▶ [SUPPLIED RECORDS]

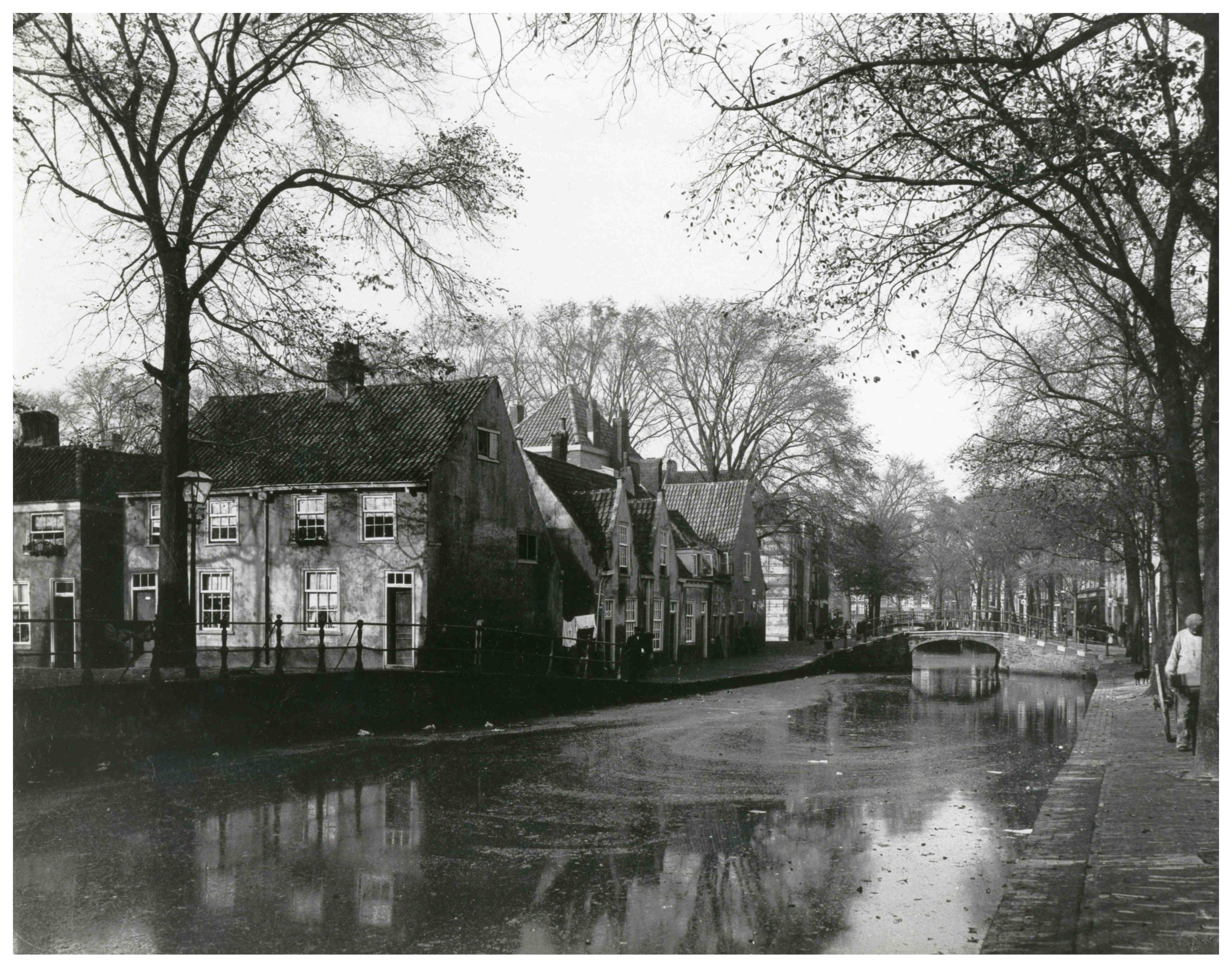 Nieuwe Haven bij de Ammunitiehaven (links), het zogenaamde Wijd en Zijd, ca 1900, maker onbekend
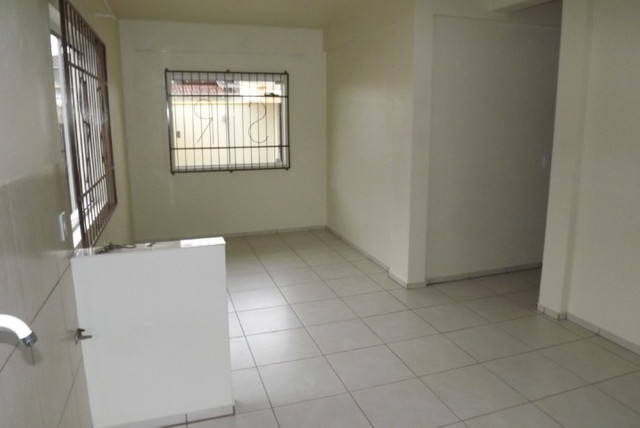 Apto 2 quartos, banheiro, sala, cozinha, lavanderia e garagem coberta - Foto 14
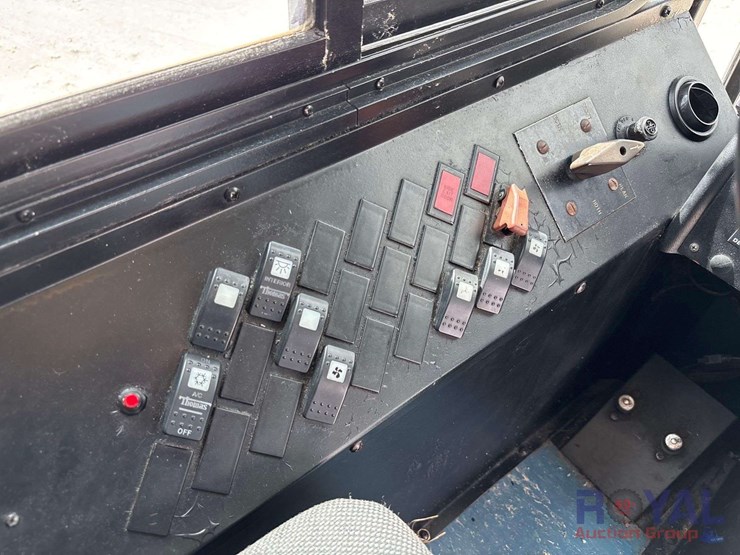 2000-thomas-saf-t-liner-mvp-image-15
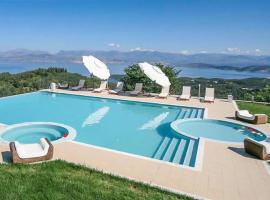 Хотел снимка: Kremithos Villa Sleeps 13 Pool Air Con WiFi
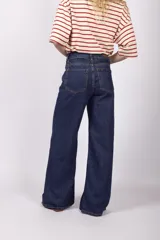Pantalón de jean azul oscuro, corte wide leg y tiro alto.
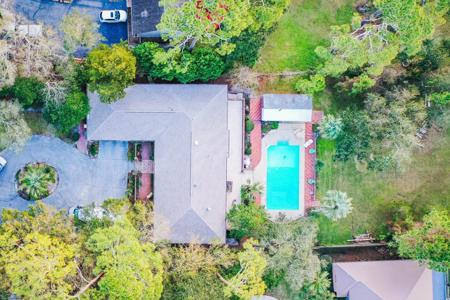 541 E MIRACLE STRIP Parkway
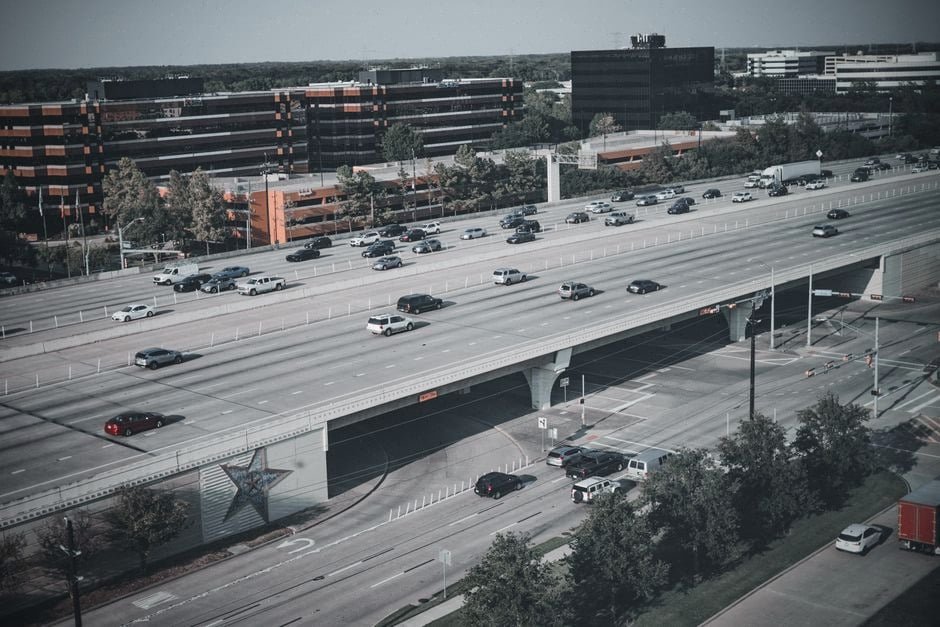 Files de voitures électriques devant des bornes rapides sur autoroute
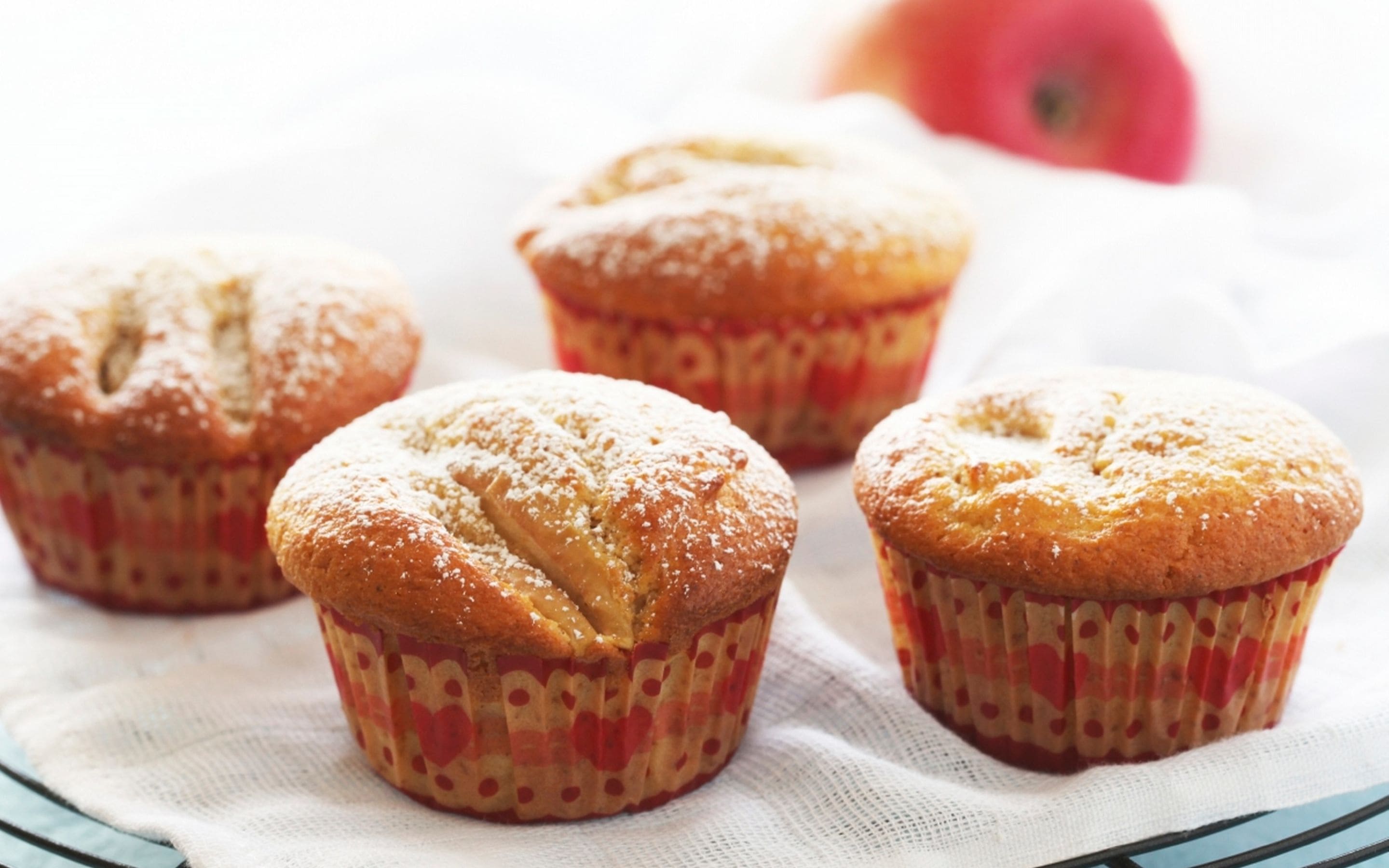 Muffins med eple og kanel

▶ [WORK ORDER]
Give back the full data exactly as it reads, but drop the pictures.

▶ [RESPONSE]
 Nieuwe Haven bij de Ammunitiehaven (links), het zogenaamde Wijd en Zijd, ca 1900, maker onbekend
 Apto 2 quartos, banheiro, sala, cozinha, lavanderia e garagem coberta - Foto 14
 2000-thomas-saf-t-liner-mvp-image-15
 Хотел снимка: Kremithos Villa Sleeps 13 Pool Air Con WiFi
Pantalón de jean azul oscuro, corte wide leg y tiro alto.
 541 E MIRACLE STRIP Parkway
 Files de voitures électriques devant des bornes rapides sur autoroute
 Muffins med eple og kanel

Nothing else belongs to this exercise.